Prolific bestseller Orson Scott Card returns this month with The Crystal City, the sixth in his Alvin Maker series of alternate historical fantasies. Card's fans have been waiting a long time for this: Seventh Son, the first book in the series, was published in 1987 and the most recent, Heartfire, five years ago. Card set himself a huge task early in the series when his eponymous hero had a vision of a crystal city where all peoples lived together in peace. It sounded wonderful, but how could a crystal city be built in mid-19th century America?
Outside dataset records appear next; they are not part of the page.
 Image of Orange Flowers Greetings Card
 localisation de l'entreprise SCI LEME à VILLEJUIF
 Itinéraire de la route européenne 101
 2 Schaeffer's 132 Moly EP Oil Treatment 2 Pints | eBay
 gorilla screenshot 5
The process begins with Alvin's powers as a maker he can literally reshape physical objects from huge rocks down to the twisted muscles in a man's club foot. Before finding a location for the city, Alvin leads 5,000 people mostly slaves and indigents out of New Orleans. Then he must find a way to get them to free states in the North. Alvin also has to deal with his younger brother, Calvin, who is almost as talented as his sibling but doesn't have the patience to help others. Card ties it all together with a quick trip to Mexico for Calvin, Jim Bowie (he of the knife), and Alvin's adopted half-brother, Arthur Stuart. Despite the many threads he must weave together, Card creates a solid episode in what is perhaps his most interesting ongoing series.
Stephen King recently awarded the Distinguished Contributions to American Letters Medal by the National Book Foundation has always been regarded as a distinguished writer by fans of speculative fiction. Now he's back with The Wolves of Calla (Scribner, $35, 736 pages, ISBN 1880418568), the fifth of seven projected entries in his Dark Tower series. Ably illustrating the reasons for his immense popularity, King not only tells a great story, he gives his characters wonderful stories to tell, too.
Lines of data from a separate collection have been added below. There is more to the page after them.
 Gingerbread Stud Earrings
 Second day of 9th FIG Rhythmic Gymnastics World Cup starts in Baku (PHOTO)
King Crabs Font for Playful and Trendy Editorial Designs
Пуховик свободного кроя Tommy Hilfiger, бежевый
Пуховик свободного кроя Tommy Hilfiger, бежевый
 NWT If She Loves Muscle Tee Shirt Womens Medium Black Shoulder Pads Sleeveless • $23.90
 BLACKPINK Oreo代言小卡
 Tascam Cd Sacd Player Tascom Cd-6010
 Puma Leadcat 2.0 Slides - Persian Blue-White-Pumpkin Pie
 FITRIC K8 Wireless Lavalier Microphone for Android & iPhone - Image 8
In this episode, Roland the gunslinger and his followers are asked to pause in their quest to find the Dark Tower and help a village in need. In Calla Bryn Sturgis, which seems to have echoes of a village in our world, most of the children are born as twins. However, every generation or so, "wolves" attack and steal away one child of each set of twins. King exudes such craft, control and playfulness with pop culture (including his previous non-Dark Tower books) that even readers new to the series will be easily drawn into the tale.
Like Card and King, writer Nalo Hopkinson faces high expectations for her new novel, The Salt Roads (Warner, $22.95, 304 pages, ISBN 0446533025). Hopkinson's first novel, Brown Girl in the Ring, won the Warner Aspect First Novel Award and since then she's never looked back. In The Salt Roads, she pursues three energetic story strands. Mer is a slave on an 18th century Haitian plantation, Meritet is a fourth century prostitute, and Jeanne Duval is an 18th century Parisian dancer. The three women are linked by a spirit born when Mer and two other women bury the body of a stillborn child in the river. The spirit moves freely between the three women, offering insight into the difficulties and joys in each of their lives. The Salt Roads successfully sets its own standards for style, voice and structure. Hopkinson has written a striking novel that will be enjoyed as much by fans of historical fiction as fantastic fiction.